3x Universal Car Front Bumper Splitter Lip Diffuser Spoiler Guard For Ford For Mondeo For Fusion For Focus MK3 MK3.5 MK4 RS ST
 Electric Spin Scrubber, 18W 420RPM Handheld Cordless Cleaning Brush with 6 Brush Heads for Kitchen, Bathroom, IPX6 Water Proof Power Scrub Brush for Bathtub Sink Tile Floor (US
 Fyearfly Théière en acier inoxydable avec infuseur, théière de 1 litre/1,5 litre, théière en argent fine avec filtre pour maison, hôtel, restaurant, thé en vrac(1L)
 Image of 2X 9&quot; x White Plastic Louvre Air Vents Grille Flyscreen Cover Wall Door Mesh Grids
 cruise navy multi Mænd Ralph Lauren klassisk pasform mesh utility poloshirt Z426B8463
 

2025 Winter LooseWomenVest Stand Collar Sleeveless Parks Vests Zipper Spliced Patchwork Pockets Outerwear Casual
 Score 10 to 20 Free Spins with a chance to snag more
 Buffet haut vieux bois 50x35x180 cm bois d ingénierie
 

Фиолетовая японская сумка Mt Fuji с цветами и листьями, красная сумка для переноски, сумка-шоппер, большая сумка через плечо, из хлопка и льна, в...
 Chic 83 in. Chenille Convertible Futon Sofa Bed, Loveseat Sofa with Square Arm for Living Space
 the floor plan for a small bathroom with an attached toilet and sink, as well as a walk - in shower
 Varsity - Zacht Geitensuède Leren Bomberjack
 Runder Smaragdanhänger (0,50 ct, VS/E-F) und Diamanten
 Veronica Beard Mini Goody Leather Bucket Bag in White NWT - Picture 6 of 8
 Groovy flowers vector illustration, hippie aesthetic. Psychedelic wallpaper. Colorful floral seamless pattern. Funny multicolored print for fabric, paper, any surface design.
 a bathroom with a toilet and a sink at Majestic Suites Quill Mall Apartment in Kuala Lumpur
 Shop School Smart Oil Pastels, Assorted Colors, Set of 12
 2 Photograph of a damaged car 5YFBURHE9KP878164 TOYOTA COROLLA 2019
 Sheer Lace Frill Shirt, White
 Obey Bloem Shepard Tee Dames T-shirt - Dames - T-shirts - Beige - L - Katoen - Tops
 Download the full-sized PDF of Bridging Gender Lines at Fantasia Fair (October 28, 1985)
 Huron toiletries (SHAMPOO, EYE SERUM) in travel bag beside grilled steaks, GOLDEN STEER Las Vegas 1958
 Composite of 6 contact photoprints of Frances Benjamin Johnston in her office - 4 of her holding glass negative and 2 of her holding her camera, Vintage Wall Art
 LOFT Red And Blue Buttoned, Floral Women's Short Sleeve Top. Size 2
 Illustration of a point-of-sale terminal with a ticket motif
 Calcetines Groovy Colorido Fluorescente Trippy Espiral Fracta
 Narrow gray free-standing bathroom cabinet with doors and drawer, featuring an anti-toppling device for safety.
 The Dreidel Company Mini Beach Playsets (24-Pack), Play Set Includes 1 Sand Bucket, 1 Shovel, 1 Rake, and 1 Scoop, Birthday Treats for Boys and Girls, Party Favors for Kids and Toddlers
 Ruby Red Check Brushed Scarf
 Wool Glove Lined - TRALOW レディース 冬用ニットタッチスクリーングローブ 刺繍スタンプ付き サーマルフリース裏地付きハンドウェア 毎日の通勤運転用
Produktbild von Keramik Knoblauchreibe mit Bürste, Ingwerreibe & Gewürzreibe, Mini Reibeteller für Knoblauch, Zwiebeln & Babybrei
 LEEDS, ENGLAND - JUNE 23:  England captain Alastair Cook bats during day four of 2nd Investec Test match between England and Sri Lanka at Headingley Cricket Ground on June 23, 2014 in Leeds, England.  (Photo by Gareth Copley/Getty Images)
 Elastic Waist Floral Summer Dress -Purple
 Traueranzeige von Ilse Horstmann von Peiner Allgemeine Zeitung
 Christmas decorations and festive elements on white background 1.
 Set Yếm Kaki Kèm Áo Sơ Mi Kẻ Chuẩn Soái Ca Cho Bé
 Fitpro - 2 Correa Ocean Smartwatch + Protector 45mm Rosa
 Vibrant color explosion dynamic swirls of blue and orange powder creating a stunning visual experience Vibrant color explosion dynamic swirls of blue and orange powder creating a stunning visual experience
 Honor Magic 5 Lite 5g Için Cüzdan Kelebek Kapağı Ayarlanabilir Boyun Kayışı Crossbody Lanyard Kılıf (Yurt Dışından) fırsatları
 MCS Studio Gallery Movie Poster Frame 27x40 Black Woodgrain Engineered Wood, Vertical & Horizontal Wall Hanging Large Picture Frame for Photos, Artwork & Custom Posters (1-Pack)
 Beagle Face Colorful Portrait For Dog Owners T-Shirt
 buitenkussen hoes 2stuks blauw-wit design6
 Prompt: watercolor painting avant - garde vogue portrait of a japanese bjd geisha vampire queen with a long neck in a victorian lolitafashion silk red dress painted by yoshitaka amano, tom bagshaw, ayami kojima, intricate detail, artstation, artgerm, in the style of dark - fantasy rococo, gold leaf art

□ □ □ □ □ □ □

DIRECTIONS: Each line above with the string "Groovy" in it should be located and copied.

ANSWER BOX:
 Groovy flowers vector illustration, hippie aesthetic. Psychedelic wallpaper. Colorful floral seamless pattern. Funny multicolored print for fabric, paper, any surface design.
 Calcetines Groovy Colorido Fluorescente Trippy Espiral Fracta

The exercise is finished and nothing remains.